Every line of the listing below is to be duplicated exactly, with the pictures left out.

Supplied information: Begin

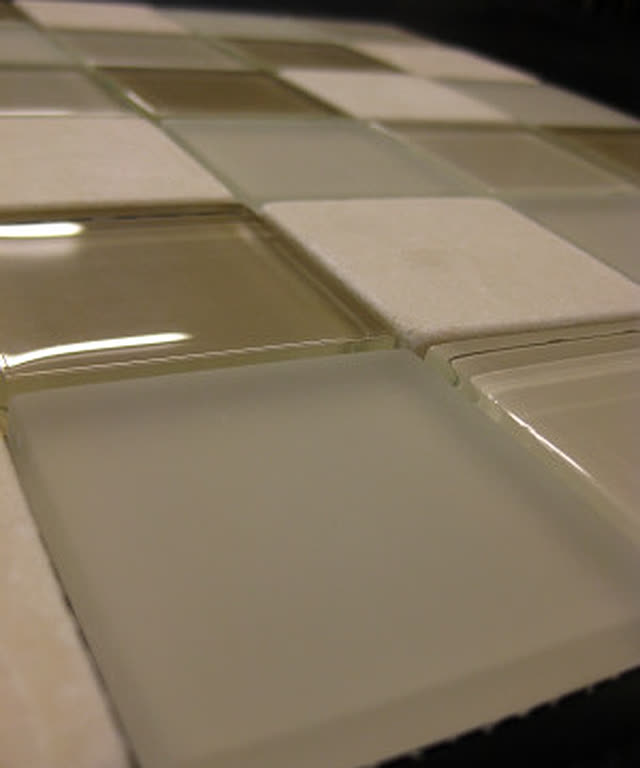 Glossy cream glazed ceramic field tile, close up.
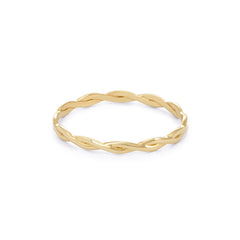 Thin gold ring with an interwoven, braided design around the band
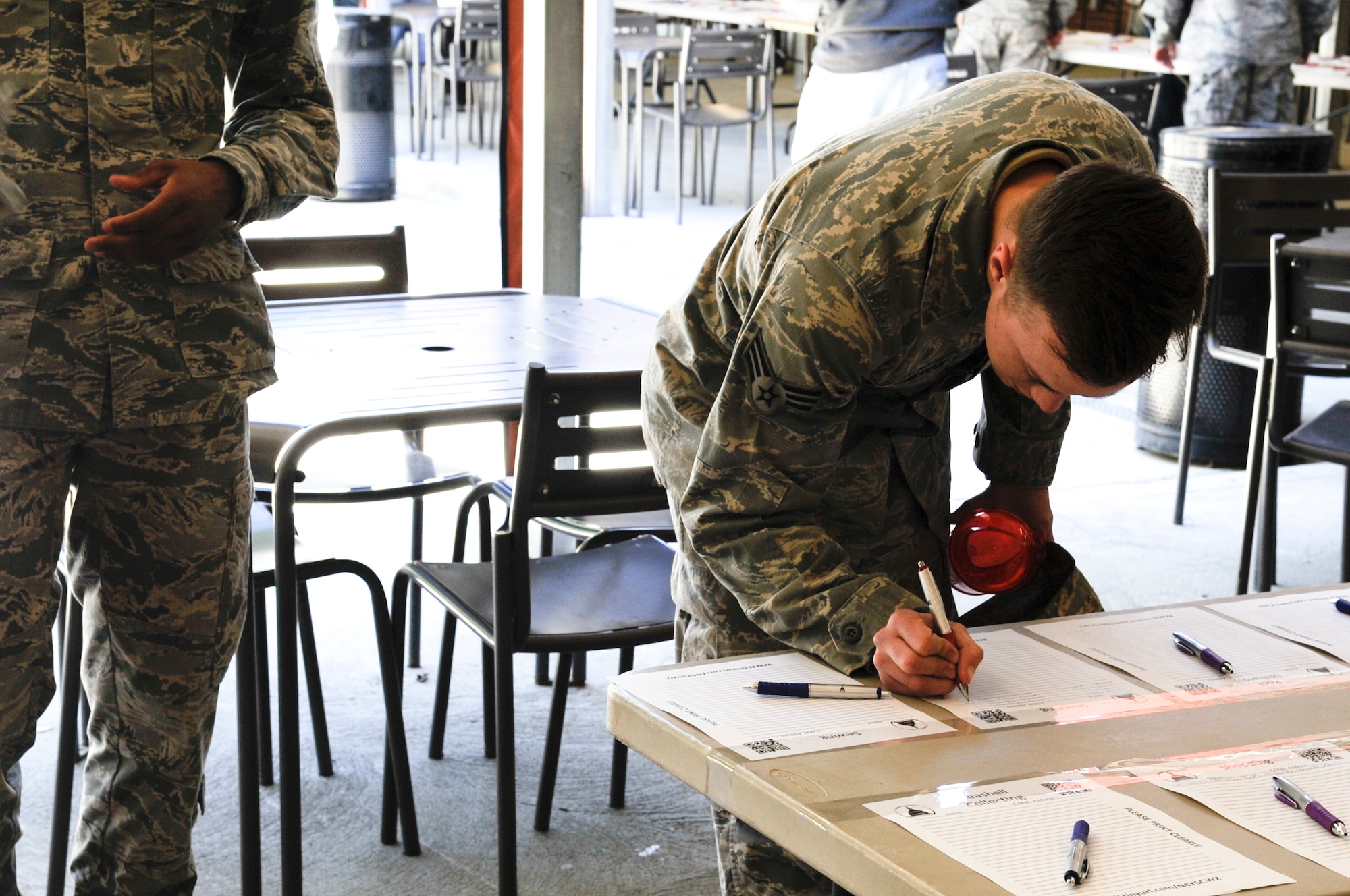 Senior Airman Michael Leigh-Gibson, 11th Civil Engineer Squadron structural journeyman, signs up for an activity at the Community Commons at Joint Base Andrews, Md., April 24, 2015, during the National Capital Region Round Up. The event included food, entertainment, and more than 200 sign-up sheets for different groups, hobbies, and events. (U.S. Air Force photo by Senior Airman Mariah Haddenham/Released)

Supplied information: End

**Solution for this task:**
 Glossy cream glazed ceramic field tile, close up.
 Thin gold ring with an interwoven, braided design around the band
 Senior Airman Michael Leigh-Gibson, 11th Civil Engineer Squadron structural journeyman, signs up for an activity at the Community Commons at Joint Base Andrews, Md., April 24, 2015, during the National Capital Region Round Up. The event included food, entertainment, and more than 200 sign-up sheets for different groups, hobbies, and events. (U.S. Air Force photo by Senior Airman Mariah Haddenham/Released)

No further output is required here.